Peacock’s limestone home still stands at the intersection of Prairie Street and Madison on the southeast corner of the PSB property.

The Englishman’s success wasn’t immediate, but business was good. In 1857, Peacock built a brewhouse/bottling plant on the two acre site behind his home. Thanks to an on-site artesian well, he had access to good, fresh water – and the Rock River provided ice for many months of the year in those days. On the east side of his property ran the Chicago & Northwestern Railroad for easy distribution. In 1860, Peacock brewed a hit: a lager he called Nikolob, “The Beer That Made Milwaukee Jealous.” Legend has it that’s where the idea for Michelob originated.

Peacock passed away in 1896 at the then ripe old age of 75. His sons, Edwin and Frank, took over the brewery’s operations. In 1899, the brothers’ passed away and the brewery was operated by Frank’s widow for a brief time. In 1900, Peacock Brewing Company was sold to a Croatian immigrant named John V. Petritz, who re-named it Rockford Brewing Company. By 1909, Petritz brewed nearly 75,000 barrels of beer annually.

In 1919, Petritz and two business partners tried to circumvent the new US Prohibition ban on alcoholic beverages. The Feds found out and the brewery was soon converted to Rockford Storage Warehouse.

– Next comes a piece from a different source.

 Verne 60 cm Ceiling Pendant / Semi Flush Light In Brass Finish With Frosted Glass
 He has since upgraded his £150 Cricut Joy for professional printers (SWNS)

Prohibition was repealed in 1933 and Petritz reenergized his brewery until 1934 when it again changed hands. It was purchased by John Fox, who operated the company as Rock River Brewing Company. In 1945, the Stormont family purchased it and converted it once again to a storage and warehouse business.

In 1999, Loyd and Diane Koch purchased the building and began to design and convert an expansive mixed use development. The purchase was made by the couple in part due to the many years they had spent boating and enjoying the Rock River.

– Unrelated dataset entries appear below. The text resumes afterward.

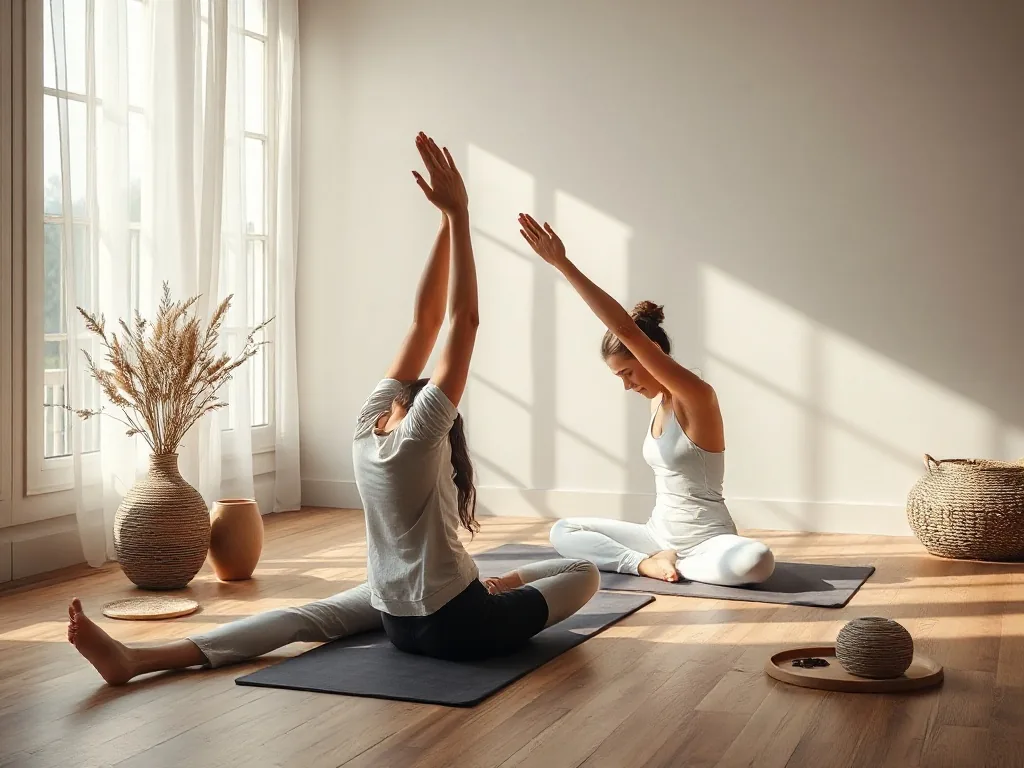 Une femme assise sur un tapis, jambes tendues, le buste incliné vers l'avant, une tablette posée au sol diffuse une séance d'étirements pour le dos, dans un intérieur sobre.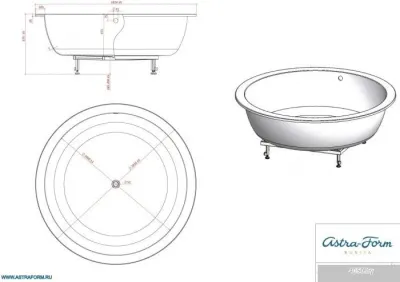 Ванна Astra-Form Олимп 181x181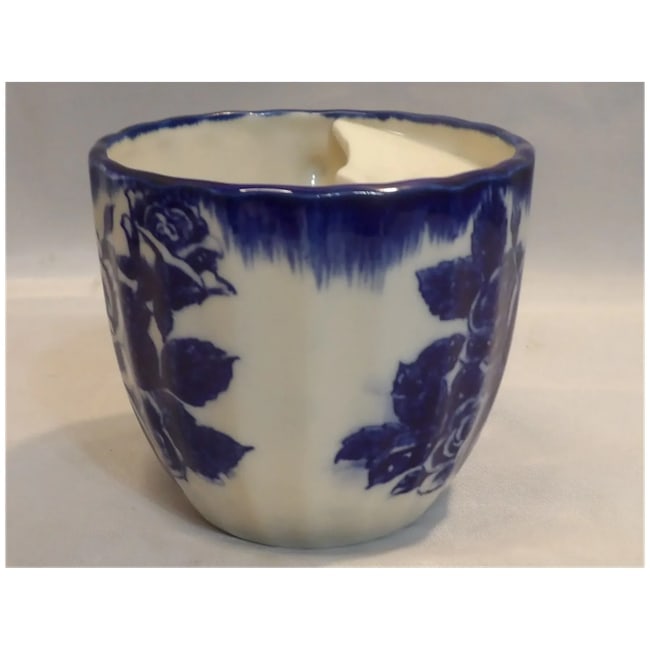 Blue Floral Pattern Mustache Shaving Mug - 4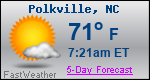 Weather Forecast for Polkville, NC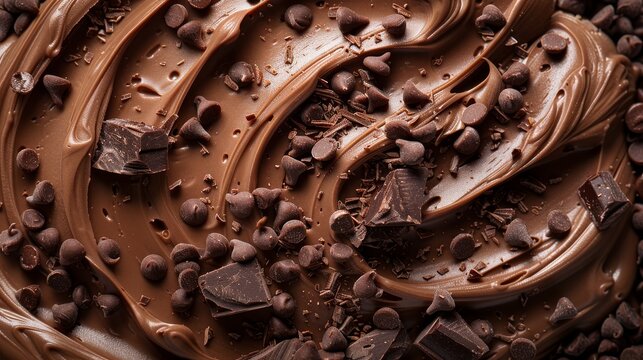 A delectable display of rich chocolate swirls and chips, embodying indulgence and satisfaction, inviting chocoholics to experience the ultimate in dessert pleasure.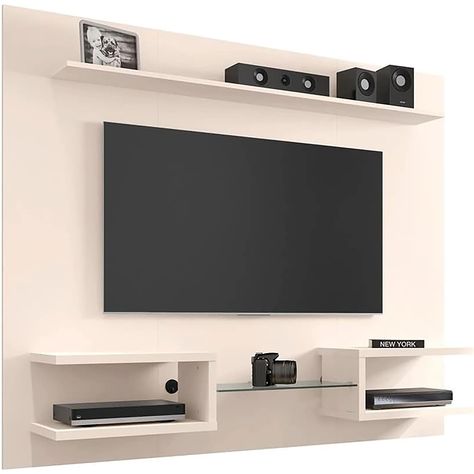 PRICES MAY VARY. Enjoy that Lasting Elegant Look with the Plaza 64. 25 Entertainment Center by Manhattan Comfort, Featuring a Gorgeous Floating Design with a Mid-Century Modern Look in an Eye-catching Off White Finish. Measures 64. 25" L in. x 11. 65" W in. x 53. 54" H in. and Weighs 90. 28 lbs. Home Assembly Required. Crafted from Durable Medium-Density Particle Board. Floating Media Theater Design with Glass Center Shelf and a Overhead Floating Shelf. Fits Up to 50-Inch TVs. Beautiful Minimali Wall Mounted Media Console, Wall Mount Tv Stand, Wall Entertainment Center, White Entertainment Center, Floating Entertainment Center, Feature Wall Design, Home Movie, Shelf Dividers, Media Furniture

“We love Rockford and we love the Rock River,” said Loyd Koch. “We always admired the old brewery building and thought it could – and should – be a destination for boaters as well as people who want to experience the river from land. For too long, too much of the land along the river has been devoted to industrial sites. Diane and I wanted to create positive access to the River, and we hope others will be inspired to do the same thing.”

About Prairie Street Brewing Company’s Commitment to Green Business Practices:

Green isn’t just the dominant color in Prairie Street Brewing Company’s new logo – it’s a way of life for the business. Owners Dustin Koch, Reed Sjostrom and Chris Manuel make a point of thinking about the environment first when making business decisions:

  • The building itself, originally started in 1849 by Jonathan Peacock, is a lovingly restored historic landmark that’s on the National Historic Registry.
  • All the bar tops and most of the public furniture at Prairie Street Brewing Company are hand-crafted of retrieved lumber removed from the building during renovation.
  • Prairie Street Brewing Company employs geothermal energy for heat and air conditioning throughout the building and in the brewing process.
  • In its operations, the business recycles as much waste as is humanly possible.
  • The brewery is committed to operating with efficient and long-lasting LED lightbulbs.
  • Prairie Street Brewing Company even sends spent brewing grains to a local farmers to feed livestock.